Closed shaansubbaiah closed 4 years ago
Not able to reproduce with Ubuntu 20.04 sucrose version 0.117.
HTTP Error 403 is a response from the web server. So something about the request was unacceptable. My guess is that there is no referrer header. A web site can check for referrer to make sure the request comes from a browser loading a specific page.
It is better for an image to be copied out of what was already requested and downloaded. Making a subsequent request is bad because (a) it signals to anyone listening that it is happening, (b) the image may have changed, (c) extra time and network resources are used.
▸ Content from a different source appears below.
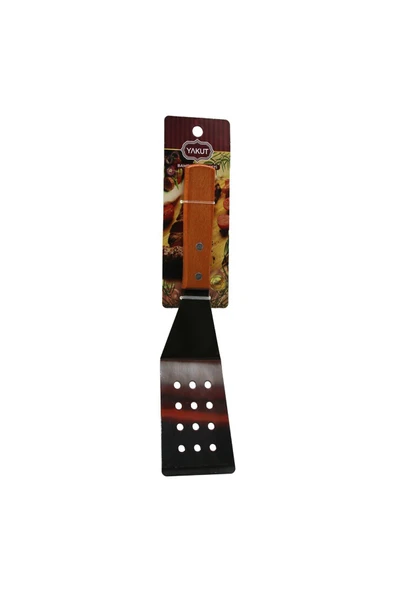 KUZGUN TİCARET AHŞAP SAPLI EĞİMLİ - DELİKLİ MUTFAK SPATULA (4767) - Lisinya - 1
@Saumya-Mishra9129 thanks for testing.
@quozl I did not get what you meant. I agree that copying a downloaded image is better but errors should not be thrown while trying to copy it directly.
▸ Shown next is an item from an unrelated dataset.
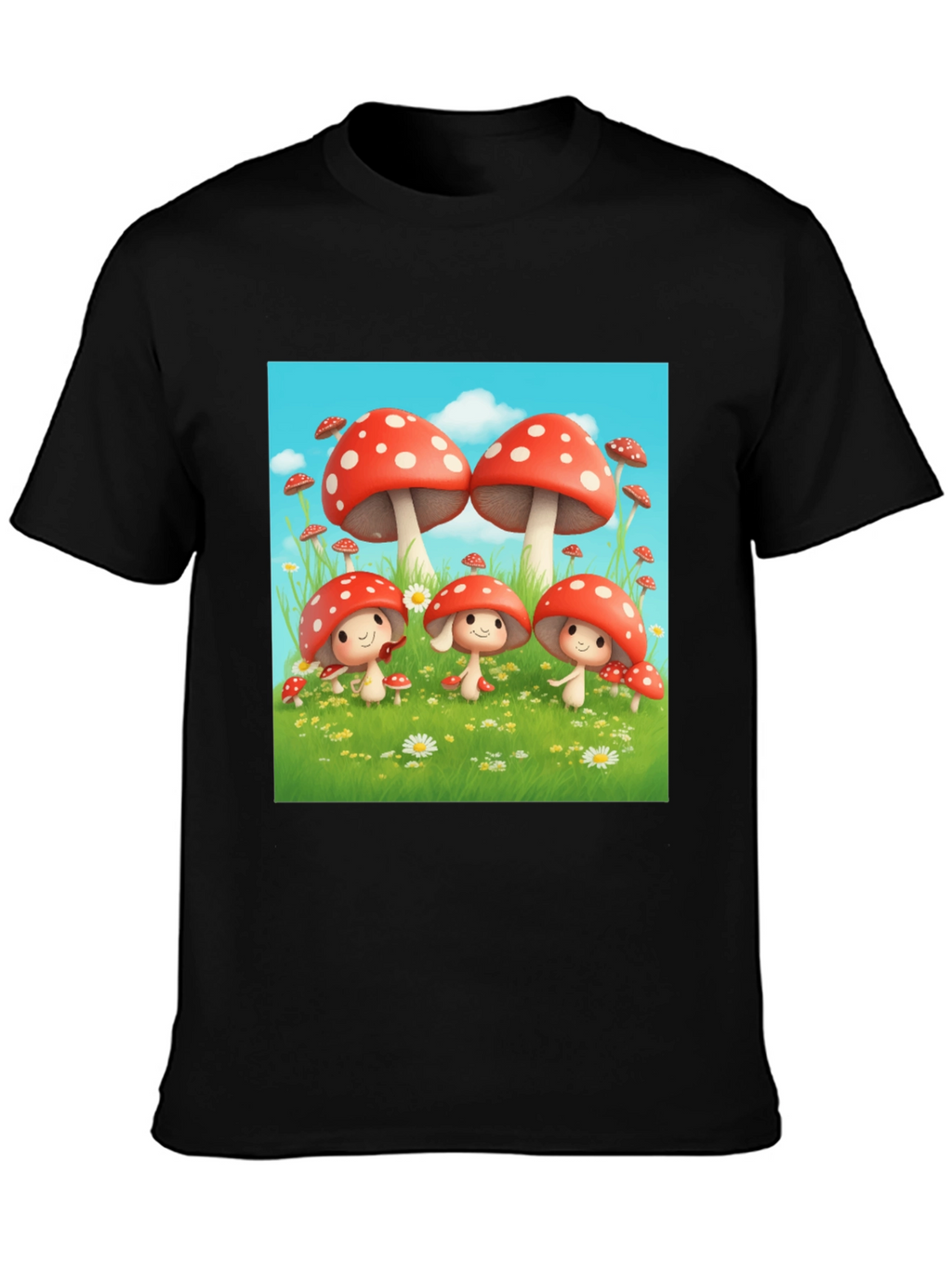 Mushroom Crew Graphic Tee - Black Cotton Shirt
It appears that we don't haven't implemented a method to handle HTTPErrors yet?
@quozl I did not get what you meant. I agree that copying a downloaded image is better but errors should not be thrown while trying to copy it directly.
Error is thrown by the web server, and we don't control the web server. I'm speculating that the web server is coded to do this when a referrer header is missing, or if a referrer header is re-used. Policy of Google Image Search. Can you confirm?
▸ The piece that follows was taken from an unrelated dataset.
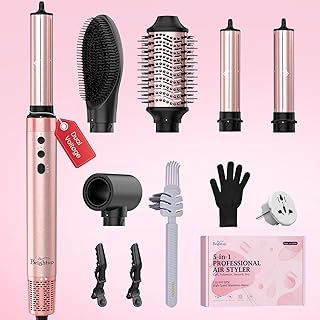 Brightup Dual Voltage Hair Styler - 5 in 1 High Speed Hot Air Styler 1400W Blow Dryer Brush, Negative Ions, Cool Shot Button, Curler, Volumizer, Straighter, No Heat Damage, with Travel Bag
All you have to do is replicate the download using a tool such as wget, curl, or python requests. Google applies different anti-abuse and anti-theft strategies in different countries, according to local laws, regulations and politics.
If we can prove the HTTP Error 403 is expected, the next thing is to either
@quozl Initially I tried various links with curl (with and without the referer
and user-agent
headers) and was able to download the image properly. I guess this was because they were static links from google/the linked site.
Finally, after trying with a google query (which I should have tried earlier) I was able to reproduce the issue on my system. The request fails with status 403
when I'm missing either the user-agent
or the referer
headers.
Search term was 'gradient'
// successful query (with both 'referer' and 'user-agent')
curl "https://www.google.com/search?q=gradient&espv=2&biw=1366&bih=667&site=webhp&source=lnms&tbm=isch&sa=X&ei=XosDVaCXD8TasATItgE&ved=0CAcQ_AUoAg" --user-agent "Mozilla/5.0 (X11; Linux x86_64; rv:77.0) Gecko/20100101 Firefox/77.0" --referer "https://www.google.com/"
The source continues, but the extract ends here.